Also good luck trying to convince your company to migrate to another cloud provider over, say, implementing multi-region strategy, which you should have been doing in the first place.
Highlight the lack of transparency on reporting outages and that's a start. If your MPLS or ISP provider operated in the save way. The company wouldn't accept it
My company is not going to spend hundreds of thousands of dollars or more, and months or even years of effort, and add additional constraints to the given pool of candidates we are hiring for, to migrate to GCP or Azure or DigitalOcean or Hetzner or wherever is considered more trendy than AWS right now due to "a lack of transparency" lmao. I would look completely incompetent to even suggest the idea to anyone internally.
But your company is willing to accept poor service and as a result spend more money with the same provider to ensure continuity. So essentially you reward Aws hiding their stats. As they can claim high uptime figures and when an outage happens it's the users fault for not spending enough money with them to have many many instances around the availability zones to ensure your covered the Aws mess up.
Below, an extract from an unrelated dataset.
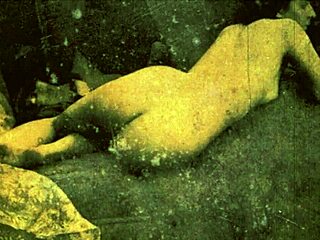 Uau, Dark Lantern Entertainment razkriva dve stoletji starega lezbičnega porniča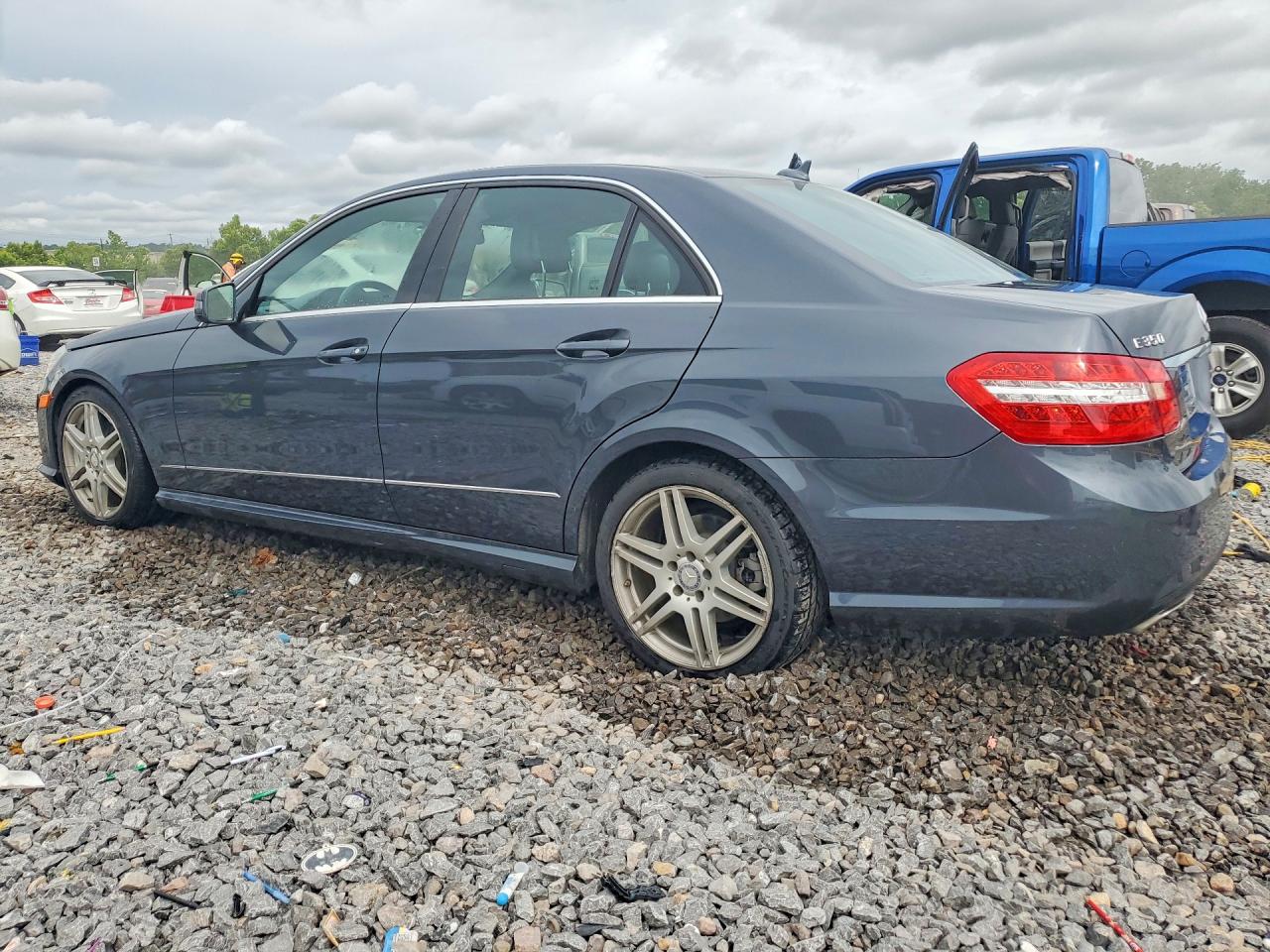 Mercedes-Benz E-Class 350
I get it redundancy is needed in systems but lack of proper reporting message users are forced to over spend our of fear. It's a great business model. Hook the clients in with lies and then get them to reward you for hiding facts. Clearly your company has money to burn wasting it like this. Every one knows they lie and are blatant about it why is it tolerated. As I said I don't see other enterprise providers getting away with this kinda behaviour towards clients
If you are willing to host your critical infra on some dodgy startup alternative that might go away in 3 months because you refuse to bend on your personal values and separate them from what the typical organization actually cares about, best of luck. I know HN tends to loves the underdog, but there is a time and place for that, and a time and place to accept what you need to do to keep your services online.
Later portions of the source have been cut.